International development projects have a history of creating problems on the ground. Debates about the benefits of top-down development, the need for community buy-in, and the importance of community participation in development have been ongoing and have focused on how to prevent environmental and social harms to local communities. More recently, the conversation has shifted to focus more on the importance of providing remedy for harms, with a focus on development finance institutions (DFIs). DFIs have embraced internal, independent mechanisms to provide a process for accountability when a community suffers harms, but those mechanisms are not externally enforceable. They rely on the DFI, which caused the harm in the first place, to voluntarily comply with the accountability mechanism’s findings and recommendations. Much like development projects themselves, this produces mixed results. Most importantly, while the DFI might stop or change what it is doing, it will rarely pay individual community members for the harms they suffered.

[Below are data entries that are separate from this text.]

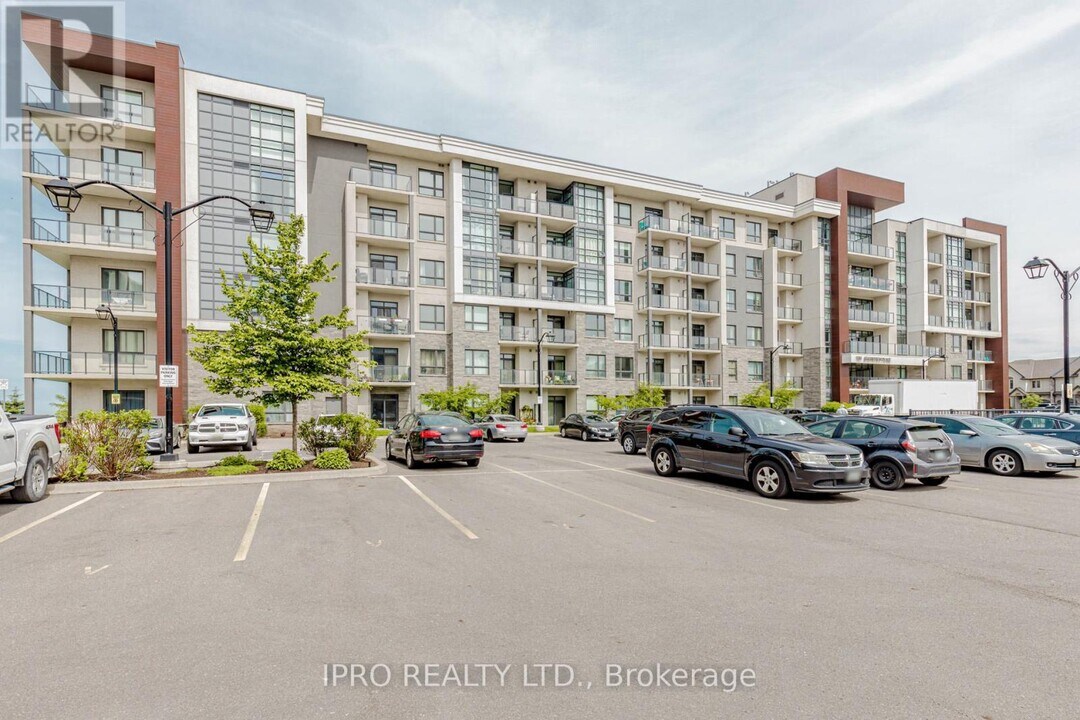 101-101 Shoreview Pl in Hamilton, ON - Building Photo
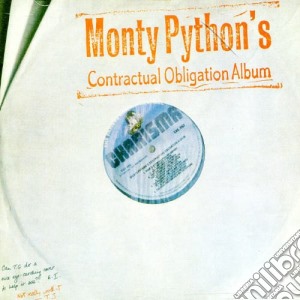 Monty Python - Contractual Obligation Album cd musicale di Monty Python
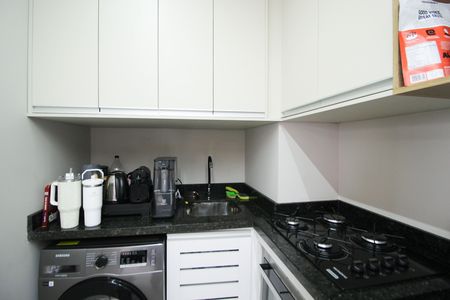 Apartamento para alugar com 40m², 2 quartos e sem vagaCozinha/Área de Serviço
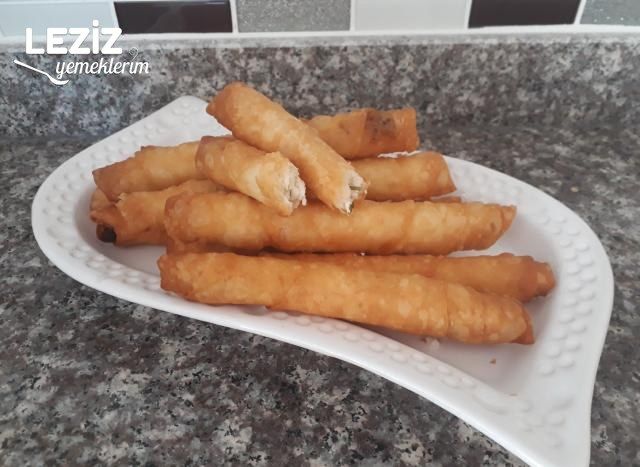 Çıtır Çıtır Sigara Böreği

What if there were a way for communities to use a domestic legal system to sue a DFI for the harms that the community suffered because of the development project? This Comment seeks to articulate the tort duty that DFIs owe to affected communities. This Comment argues that a DFI owes a duty of reasonable care to a community when the project has a development purpose and the institution plays a significant role in the design, approval, or implementation of the project. Reasonable care, akin to due diligence, requires the institution to follow its own environmental and social policies and comply with industry standards. This Comment considers these issues.

Development projects provide stable electrical grids, business opportunities, agricultural expertise, and other benefits. Shouldn’t a legal system incentivize these projects to engage in strong environmental and social practices as well? At the very least, shouldn’t a development institution provide remedy to individuals when a project causes death, loss of livelihood, or displacement?